Channel Islands at sunset
Channel Islands National Park and Marine Sanctuary is comprised of five Channel Islands along the Santa Barbara Channel and their ocean environment. From north to south, the islands are San Miguel, Santa Rosa, Santa Cruz, Anacapa, and Santa Barbara. Close to the California mainland and only a short trip away from Los Angeles, the park’s five islands provide a delightful break from the hustle and bustle of urban life.
The Channel Islands are home to over 2,000 plant and animal species of which 150 are found nowhere else in the world, earning these islands their nickname as North America’s Galapagos. Santa Barbara Channel is home to over 30 marine mammal species including whales, dolphins, and elephant seals, as well as marine life ranging from sea stars and anemones to blue whales, the largest animals in the world.
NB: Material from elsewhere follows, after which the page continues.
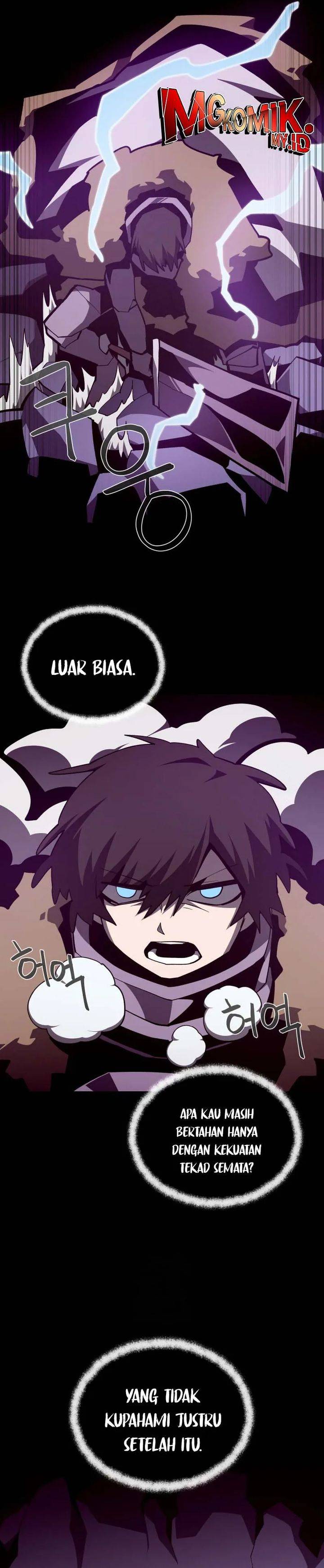 image-komik-dungeon-odyssey-chapter-143-12/39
The Channel Islands are also the site of the oldest known human remains in North America, and provide the opportunity to experience coastal southern California as it once was. Archeologists have discovered that dwarf wooly mammoths thrived on the island until the last Ice Age ended 11,000 years ago. The islands are also known for being settled by maritime Paleo Indian peoples at least 13,000 years ago. Many archeological sites on the island serve as an invaluable record of those times. Archeologists have discovered approximately 148 historic village sites, including 11 on Santa Cruz Island, eight on Santa Rosa Island, and two on San Miguel Island.